Today, Feb. 19, is National Anthropology Day. Now, you may not have previously heard of this hallowed waypoint in the seasonal cycle, and the likelihood that you’ll see Hallmark picking up on this is close to zero, but nevertheless, here it is.
In honor of this most glorious occasion, I will be presenting a talk I’ve given many times before, in various forms, entitled ‘How and why (not) to go to grad school’, in this case, at a seminar sponsored by the Wayne State Anthropology Learning Community. (By the way, in case you were wondering, learning communities, when well done, are more or less the best. And ours is the best.) Stop by if you’re around.
I posted about this topic more than five years ago, when Glossographia was just a baby-blog, in ‘To grad or not to grad‘. In reading over the old post, I still agree wholeheartedly with the general point. To simply offer a blanket ‘just don’t go to grad school’, which many faculty do, is wrongheaded. It’s insulting, and will likely convince the wrong students to avoid grad training, while failing to sway many who shouldn’t apply. In place of unambiguous injunctions, we need fact-sharing and clear thinking. We should indeed be interrogating our students as to why they want to go to grad school. We ought to be ensuring that they are aware of (and have clear paths laid for) other career options. And we certainly shouldn’t be encouraging otherwise ambivalent students to pursue this path. But advice, not platitudes, is called for.
In several less central respects, however, my position needs to be clarified from the one I advocated in 2009:
– I wasn’t clear enough that an unfunded MA may indeed make sense, if it’s the only graduate degree you want, and if you are pursuing it for clear professional reasons that do not include the PhD. My original post may read as assuming that if you are doing an MA, it is because you are eventually planning to do a PhD. But the vast majority of MA students in anthropology never apply to doctoral programs, and they end up (largely) professionally successful. Funding is still great, where available, but a targeted two-year masters without funding will likely be worth it in the long run, if you know what you want out of the degree.

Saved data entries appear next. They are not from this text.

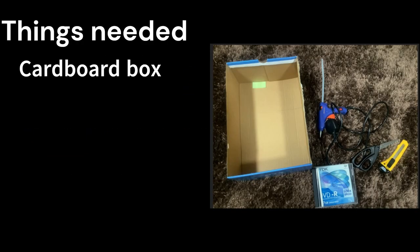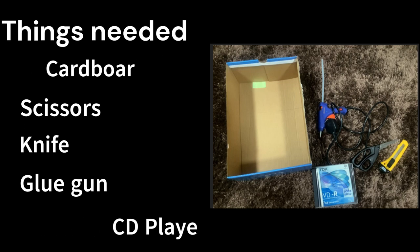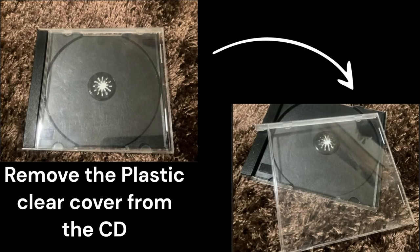3D hologram projector. Things needed: cardboard, scissors, knife, glue gun, CD player cover or any plastic cover. Remove the clear plastic cover from the CD.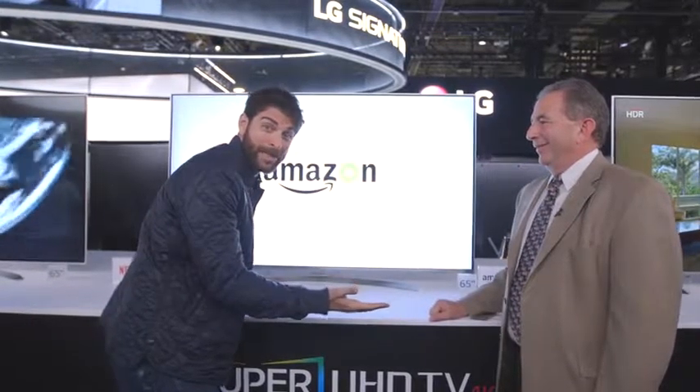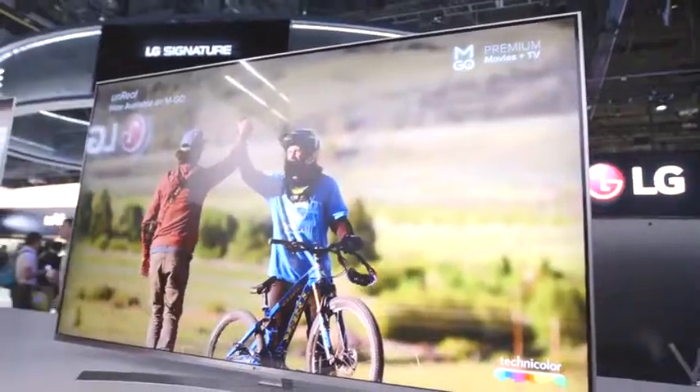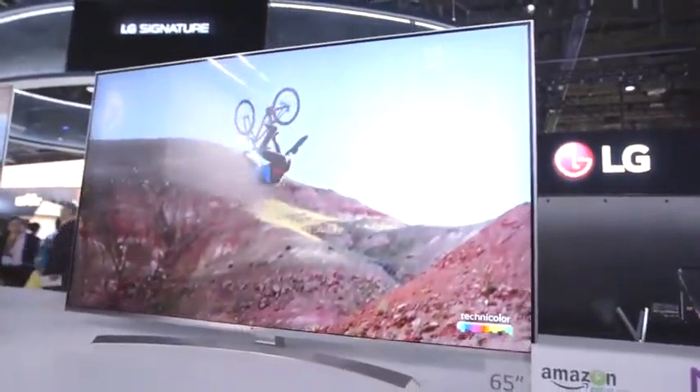Well, here we are with Tim again at LG. I'm glued to this awesome looking — what is this, tell me, just tell me. 65 inches. This is our 65 UH8500, part of what we call our LG Super UHD TV series.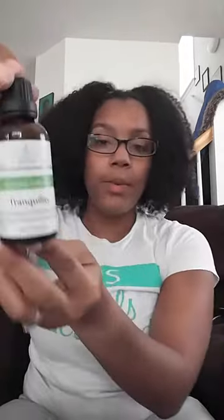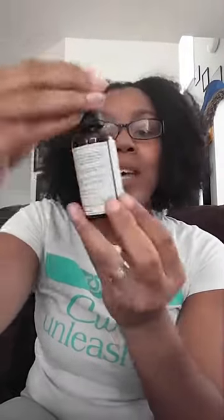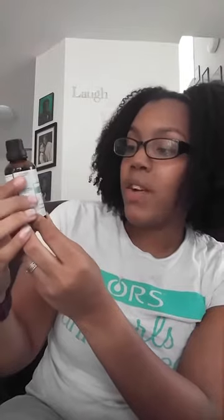So this is the product right here. This is from Phytopia — this is their aesthetics collection, and this is an essential oil blend called Tranquility.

– I didn’t emphasize as clearly as I should have the importance of planning, as much as two to three years before you apply to graduate school, to become the sort of applicant whose chances of success are greatest. You can have a fancy GPA in the upper 3s, but if you don’t have a record of undergraduate research and multiple full-time faculty to support your application, you’re shooting yourself in the foot. Identifying faculty to work with/study under, and projects to undertake, means that you can’t just decide six months before that you’re ready to apply, no matter how bright you (think you) are.
– Like many social scientists and humanists, I probably have some ‘science envy’, and put too much emphasis on the bad market in these fields. In fact, I probably underemphasized (or was unaware of) just how bad things are in the natural sciences as well. The programs are larger, there’s the expectation of one or more postdocs before a tenure-track job, and it’s just as terrifying. Honestly maybe moreso: I do not look at my colleagues on the tenure track in the sciences with envy.
– I really didn’t talk enough (or at all) about the role of class and gender in ‘just don’t go’ advice. I am concerned that female students, given the pressures of impostor syndrome and stereotype threat, are more likely to take ‘just don’t go’ to heart, where less or equally capable male students may press on. That doesn’t help anyone. The role of class, too, in dissuading working-class students from pursuing graduate work, seems to me deleterious to the profession. Grad school is economically risky, but so too is post-degree unemployment, and I guarantee you that scarce post-BA internships and professional jobs get snapped up with people with social networks and cultural capital to back them up. For academically-strong students whose family and community ties offer no meaningful employment support for someone with a BA, graduate school may be the least risky option.
Wayne State folks, hope to see you there. Happy National Anthropology Day!
P.S. Finally, and this is just a minor complaint, but I object strenuously that no one seems to have noticed or commented on the fact that I used the verb ‘decimate’ in its etymologically-correct but practically-useless sense in my original post, to refer to the reduction of something by 1/10 (in this case, endowments). Hmph! Do you know how hard you have to work to find a context where you can use ‘decimate’ to mean what pedants think it always ought to mean? What fun is it being an anti-pedant when pedants don’t even notice your playful anti-pedantry?